Recorder of London
- In office 1998–2004
- Preceded by: Sir Lawrence Verney
- Succeeded by: Peter Beaumont

Personal details
- Born: 18 April 1938
- Died: 8 July 2004 (aged 66)
- Education: Westminster School St Catharine's College, Cambridge

= Michael Hyam =

British judge

Michael Joshua Hyam (18 April 1938 – 8 July 2004), styled His Honour Judge Hyam, was a British judge. He was Recorder of London from 1998 until his death.

== Career ==
The son of Isaac and Rachel Hyam, Michael Hyam was educated at Westminster School and St Catharine's College, Cambridge, where he read Law, he was called to the bar in 1962 by Gray's Inn and joined 6 Pump Court Chambers, where he remained until his appointment to the bench. He specialised in the prosecution of complex fraud cases.

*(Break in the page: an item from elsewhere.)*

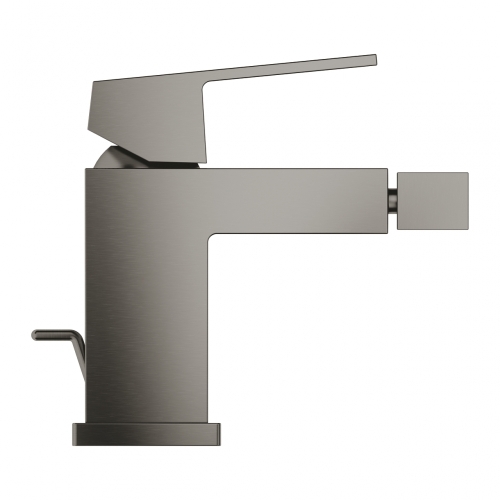 GROHE Eurocube egykaros bidecsaptelep S-es méret, matt hard grafit 23138AL0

Hyam was appointed a circuit judge in 1984, serving until 1998. From 1991 to 1998, he was the Resident Judge and Designated Family Judge at Norwich Crown Court. He was one of the first circuit judges to sit regularly at the Court of Appeal Criminal Division. At Norwich, he introduced joint civil and criminal hearings for cases involving children, which have been adopted across the country.

In 1998, he became Recorder of London, after the post was publicly advertised for the first time in its history. As the senior judge at the Old Bailey, Hyam tried many high-profile criminal cases, including those of politicians Jonathan Aitken and Lord Archer of Weston-super-Mare, murderer and rapist David Mulcahy, and of the terrorist and murderer David Copeland.

Hyam died in service of a heart attack in 2004 after being taken ill at a dinner of the Institute of Barristers’ Clerks.

== Personal life ==
Hyam married Diana Mortimer in 1968: they had three sons.